In response to market demand, we offer products, including those from Morningstar Sustainalytics, that may expose us to liability and higher regulatory costs. New and evolving environmental, social, and governance regulations are being introduced, amended, or revoked in the EU, the US, and other jurisdictions, requiring compliance with specific frameworks and disclosure obligations. For example, the EU Corporate Sustainability Reporting Directive (CSRD) applies to both EU and non-EU entities in scope and mandates extensive disclosures on sustainability topics such as climate change, biodiversity, workforce, supply chain, and business ethics, and may apply to our operations based on recent legal developments.

In contrast, the future of any US regulation of sustainability matters is uncertain, and if adopted may not align with the disclosures required by the CSRD or other legal and regulatory requirements. Similarly, a number of US states have passed, or are in the process of adopting, broad climate change disclosure requirements, such as the Climate Corporate Data Accountability Act and Climate-Related Financial Risk Act in California, the future scope and implementation of which also remains uncertain.

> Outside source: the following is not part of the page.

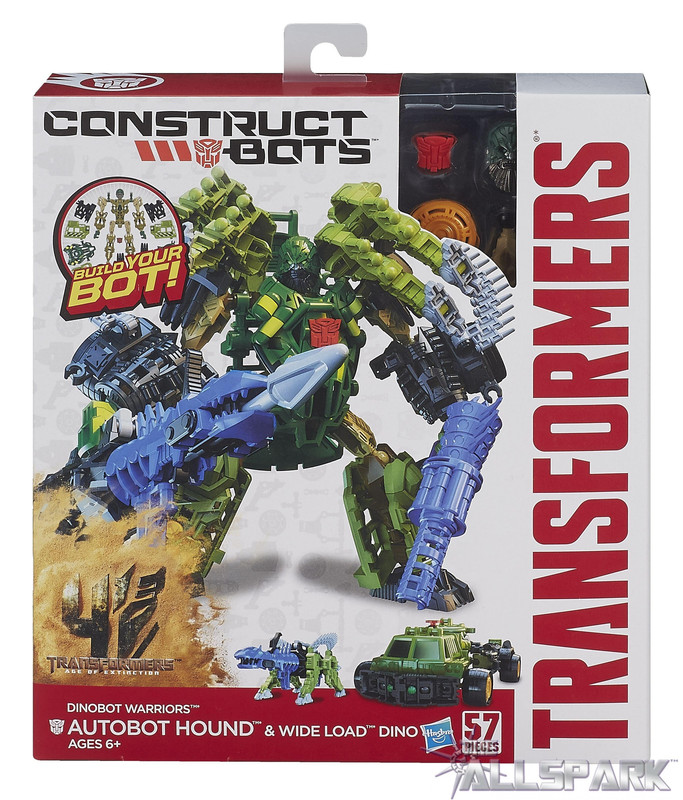 TRANSFORMERS-CONSTRUCT-BOTS-WARRIORS-HOUND-WIDE-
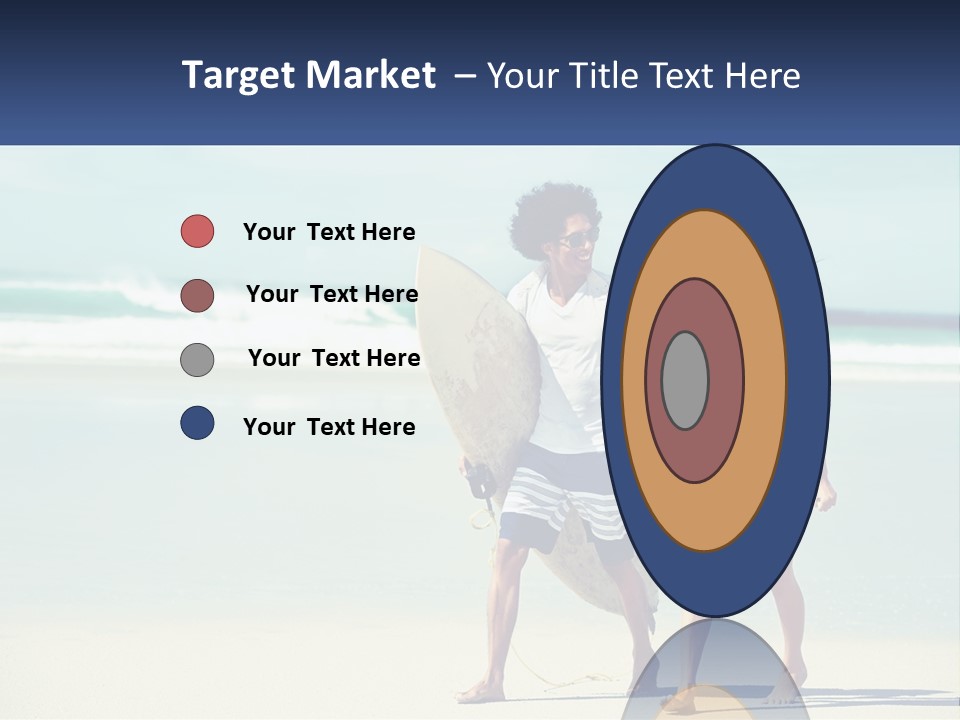 Coastal Old Standing PowerPoint Template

We have announced decarbonization goals and other initiatives, guided by standards such as the Task Force on Climate-Related Financial Disclosure (TCFD), the Sustainability Accounting Standards Board (SASB), and Global Reporting Initiative (GRI). Morningstar has committed to decarbonizing 50% of our scope 1 and scope 2 greenhouse gas emissions by 2030 and to publicly disclosing our emissions annually. Implementing these initiatives and complying with new or amended regulations may require significant resources and management attention. Any failure, or perceived failure, to fully comply with mandatory ESG requirements or voluntary ESG standards could adversely affect our business, operating results, and financial condition.

At the same time, we may face evolving and sometimes conflicting expectations from various stakeholders regarding our business practices and company activities, including environmental, social and governance matters. These expectations may increase operational complexity and place additional demands on our employees, systems, and resources. Different stakeholders may hold differing views on such matters, increasing the risk that actions we take, or fail to take, are perceived negatively by certain groups. Public sentiment and the broader sociopolitical environment may shift rapidly and unpredictably, and we may not be able to anticipate or respond to such changes within expected timeframes or without incurring significant costs. If we do not effectively manage such evolving expectations, we could experience reputational harm, stakeholder disengagement, litigation, or other adverse consequences, which may adversely impact our business, operating results, and financial condition.

Errors in our automated advisory tools may subject us to liability for any losses that result.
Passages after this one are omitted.